_What is being asked:_ The response must reproduce every record below without alteration.

_Material provided:_
§

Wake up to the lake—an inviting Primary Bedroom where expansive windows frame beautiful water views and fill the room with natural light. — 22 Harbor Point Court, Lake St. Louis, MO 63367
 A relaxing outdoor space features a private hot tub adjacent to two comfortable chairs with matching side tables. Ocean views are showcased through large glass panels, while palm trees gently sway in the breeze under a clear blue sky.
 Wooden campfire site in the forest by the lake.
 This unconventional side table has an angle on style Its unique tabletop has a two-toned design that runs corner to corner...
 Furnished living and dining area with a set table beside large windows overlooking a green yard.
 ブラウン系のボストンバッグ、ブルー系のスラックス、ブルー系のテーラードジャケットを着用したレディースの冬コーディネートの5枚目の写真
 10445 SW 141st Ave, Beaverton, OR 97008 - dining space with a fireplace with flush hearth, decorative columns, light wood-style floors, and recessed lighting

§

_Finished exercise:_
Wake up to the lake—an inviting Primary Bedroom where expansive windows frame beautiful water views and fill the room with natural light. — 22 Harbor Point Court, Lake St. Louis, MO 63367
 A relaxing outdoor space features a private hot tub adjacent to two comfortable chairs with matching side tables. Ocean views are showcased through large glass panels, while palm trees gently sway in the breeze under a clear blue sky.
 Wooden campfire site in the forest by the lake.
 This unconventional side table has an angle on style Its unique tabletop has a two-toned design that runs corner to corner...
 Furnished living and dining area with a set table beside large windows overlooking a green yard.
 ブラウン系のボストンバッグ、ブルー系のスラックス、ブルー系のテーラードジャケットを着用したレディースの冬コーディネートの5枚目の写真
 10445 SW 141st Ave, Beaverton, OR 97008 - dining space with a fireplace with flush hearth, decorative columns, light wood-style floors, and recessed lighting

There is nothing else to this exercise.